Yes we laughed and laughed and laughed.


Well Sybil was played by Prunella Scales. Recently, she appeared on TV as herself. For, with her husband, the actor Timothy West,

she presented a documentary series on their common love  of canal boating.  At each episode’s start, Tim explains Pru is having problems with her memory.  In fact, her son tells the camera that his dad is seeing the person  he loves slipping away from him. In a way, it is a slow even gentle but inevitable crucifixion.

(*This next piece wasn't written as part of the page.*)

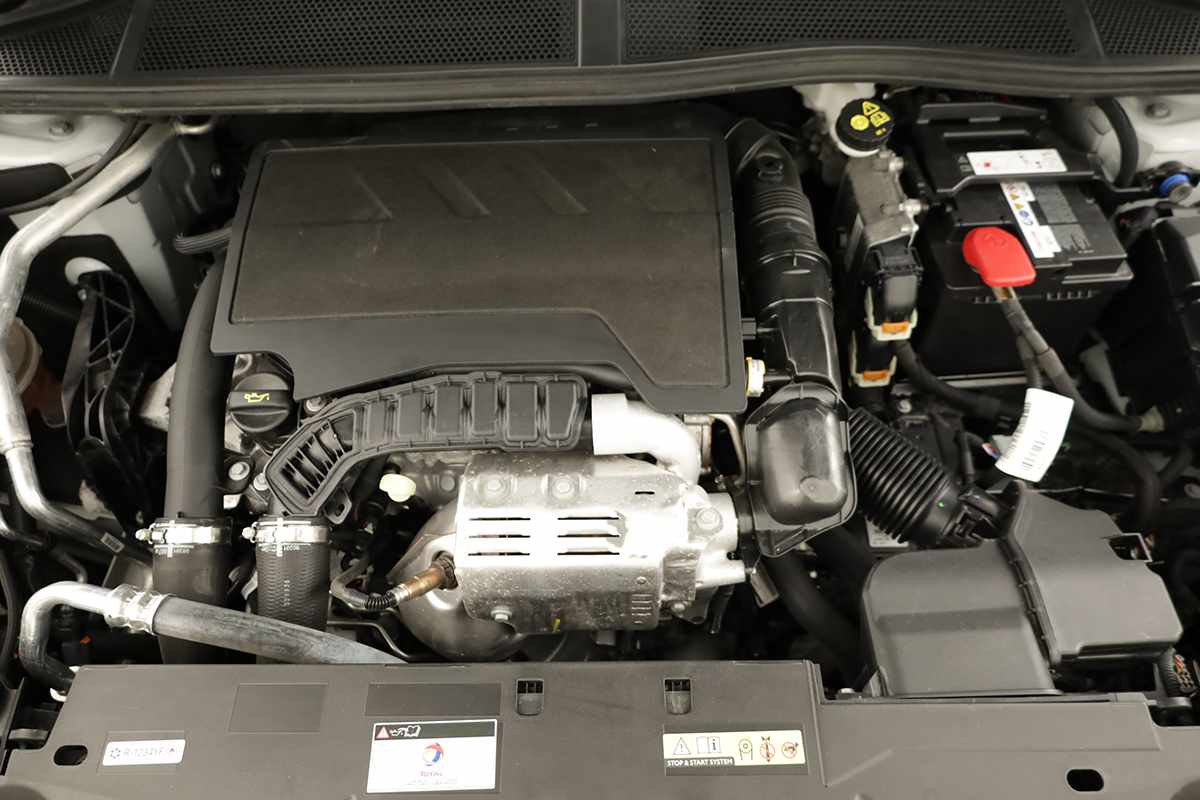 peugeot-308-2024-gasolina-1199cc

Nevertheless, we are all surrounded by crucifixions  in our own circle; the young father dying of cancer, the mother fearing an abusive father and the old man now widowed  trying to find some companionship  even purpose  in living.


Where then on Good Friday  is there a clue to coping with crucifixions?


Well, some ideas  come from those  who were there for Christ

at his passion those Good and ordinary people who stood at the foot of the cross. Since, the passion journey  is not just about the suffering of the son of God – supreme as that might be –

it is also a story of accompaniment.


In fact, it is very much the story of those who loved Jesus as his community of friends and family. And so it is about the disciples who had been with him  for three years.It is about the women who followed Jesus from Galilee and provided for him, who anointed him for death  and who accompanied him  on the way of the cross and watched from a distance as he suffered his terrible agony and death. It’s about John,  the beloved disciple, and Mary  the mother of Jesus giving comfort to one another.  It’s about Mary Magdalene, watching and waiting.


The passion story then is very much about the accompaniment in suffering, of just being there and doing small, ordinary and important practical things.


Therefore, it is really about being alongside people  in compassion and care; watching through long nights with them, preparing food for those too weary or ill or despairing to do it themselves, looking after the children for a while or just offering  a  hug or shoulder to lean on.


Ultimately, this ministry of presence and compassion  is not the particular preserve of Christians,  or of any one nationality or culture,  but it is at the heart of each and every one of our responses to our risen Lord.


Let us try to respond this way, today.